__WHAT YOU SHOULD DO__
Copy word for word the lines of the records below, beginning at the one with "Skoda Octavia Combi" and finishing at the one with "ขาย Condo Lumpini", ends included, but none of the pictures.

__EXTRACTED RECORDS__

┄┄┄┄┄┄┄┄┄┄

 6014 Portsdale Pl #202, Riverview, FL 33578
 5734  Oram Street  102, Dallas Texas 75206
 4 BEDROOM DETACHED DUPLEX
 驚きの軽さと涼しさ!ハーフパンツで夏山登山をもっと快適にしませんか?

┄┄┄┄┄┄┄┄┄┄

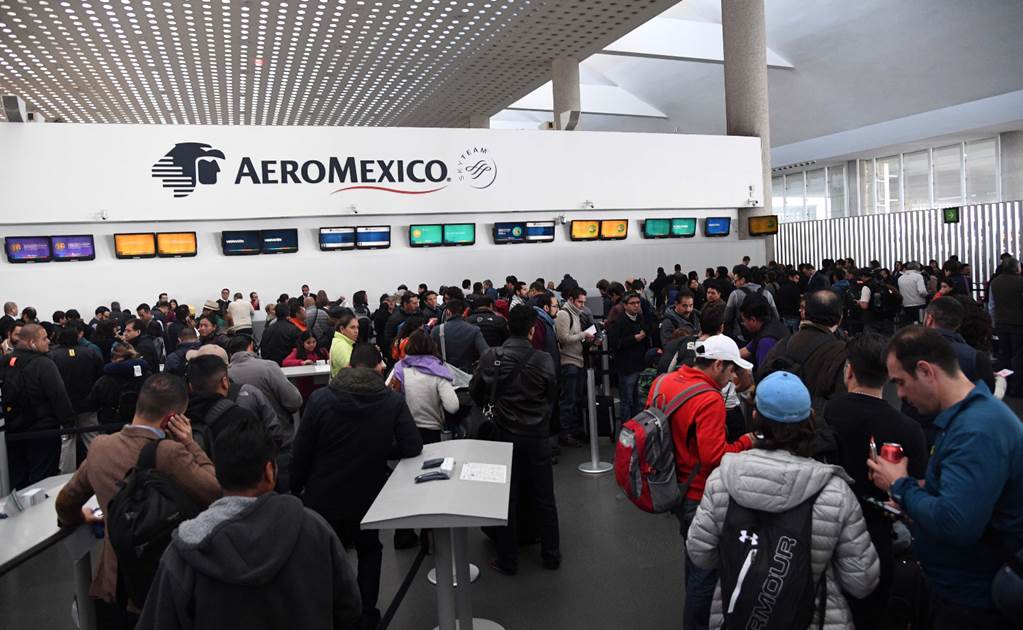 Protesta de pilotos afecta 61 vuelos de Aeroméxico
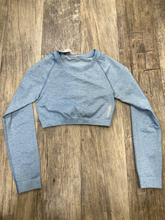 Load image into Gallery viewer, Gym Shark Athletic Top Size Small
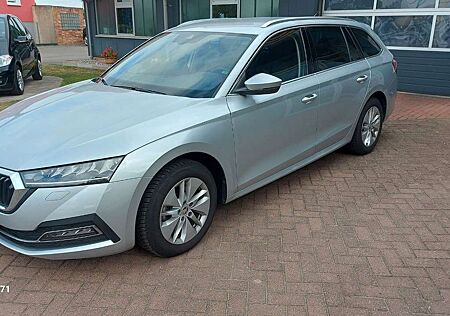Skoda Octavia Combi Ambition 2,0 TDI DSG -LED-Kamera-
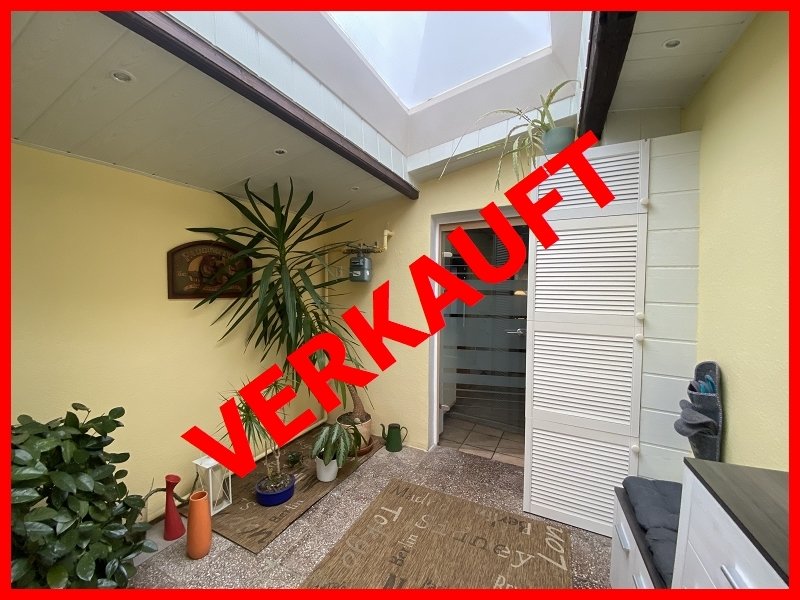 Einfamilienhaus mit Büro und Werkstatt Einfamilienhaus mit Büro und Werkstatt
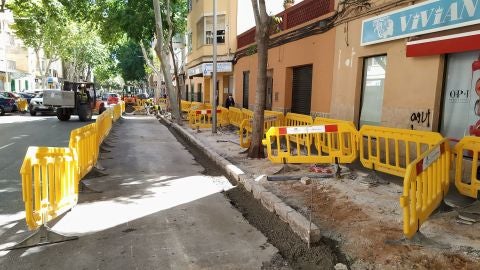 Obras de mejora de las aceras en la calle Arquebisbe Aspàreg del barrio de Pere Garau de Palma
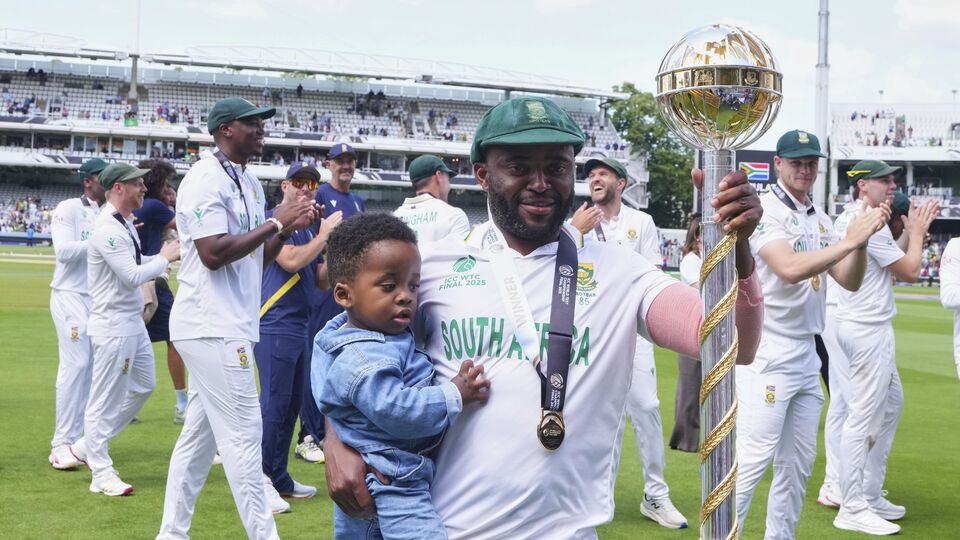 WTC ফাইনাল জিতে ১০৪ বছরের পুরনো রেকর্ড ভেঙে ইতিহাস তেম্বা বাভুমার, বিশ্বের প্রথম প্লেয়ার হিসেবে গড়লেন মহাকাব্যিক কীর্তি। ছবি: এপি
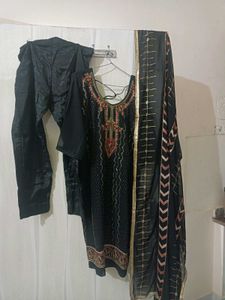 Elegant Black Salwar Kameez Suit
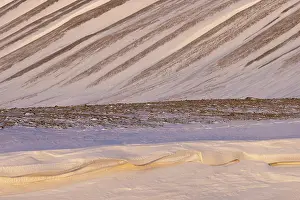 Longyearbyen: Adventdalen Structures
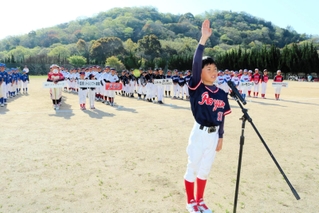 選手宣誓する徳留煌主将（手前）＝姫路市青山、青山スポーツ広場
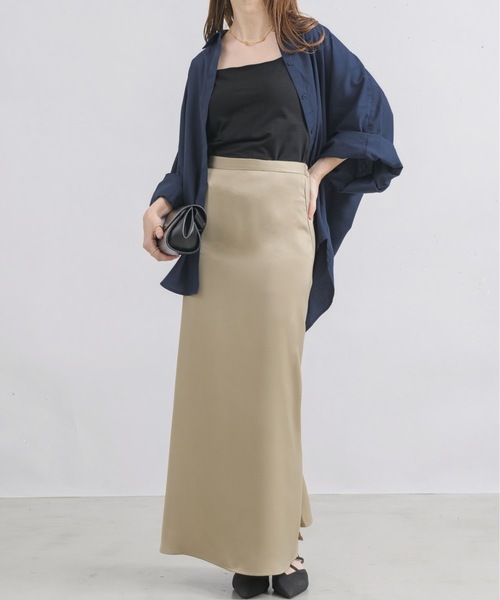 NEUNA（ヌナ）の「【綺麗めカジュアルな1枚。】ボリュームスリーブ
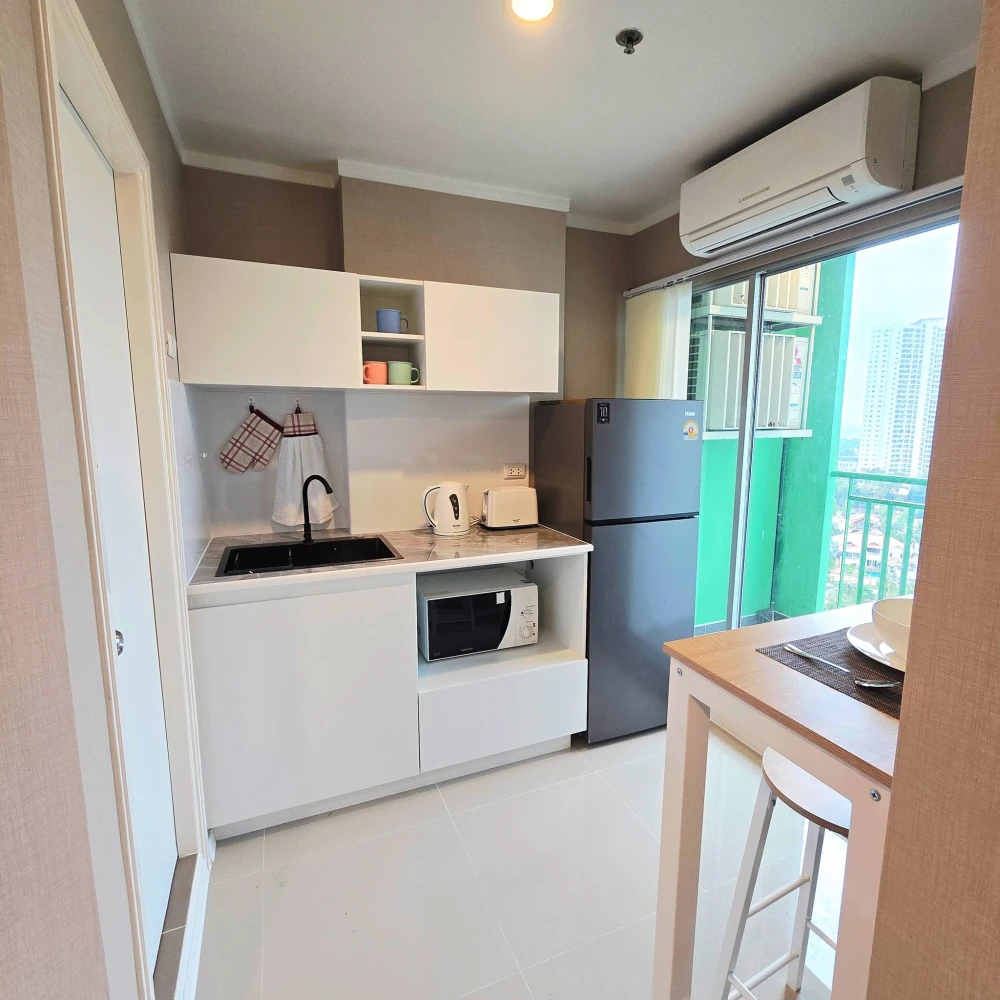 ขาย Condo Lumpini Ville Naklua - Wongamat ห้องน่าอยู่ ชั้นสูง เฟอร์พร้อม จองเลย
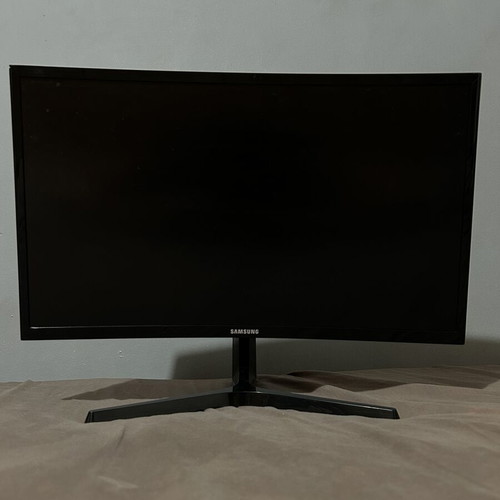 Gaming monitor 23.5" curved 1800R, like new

┄┄┄┄┄┄┄┄┄┄

__OUTPUT OF THE TASK__
Skoda Octavia Combi Ambition 2,0 TDI DSG -LED-Kamera-
 Einfamilienhaus mit Büro und Werkstatt Einfamilienhaus mit Büro und Werkstatt
 Obras de mejora de las aceras en la calle Arquebisbe Aspàreg del barrio de Pere Garau de Palma
 WTC ফাইনাল জিতে ১০৪ বছরের পুরনো রেকর্ড ভেঙে ইতিহাস তেম্বা বাভুমার, বিশ্বের প্রথম প্লেয়ার হিসেবে গড়লেন মহাকাব্যিক কীর্তি। ছবি: এপি
 Elegant Black Salwar Kameez Suit
 Longyearbyen: Adventdalen Structures
 選手宣誓する徳留煌主将（手前）＝姫路市青山、青山スポーツ広場
 NEUNA（ヌナ）の「【綺麗めカジュアルな1枚。】ボリュームスリーブ
 ขาย Condo Lumpini Ville Naklua - Wongamat ห้องน่าอยู่ ชั้นสูง เฟอร์พร้อม จองเลย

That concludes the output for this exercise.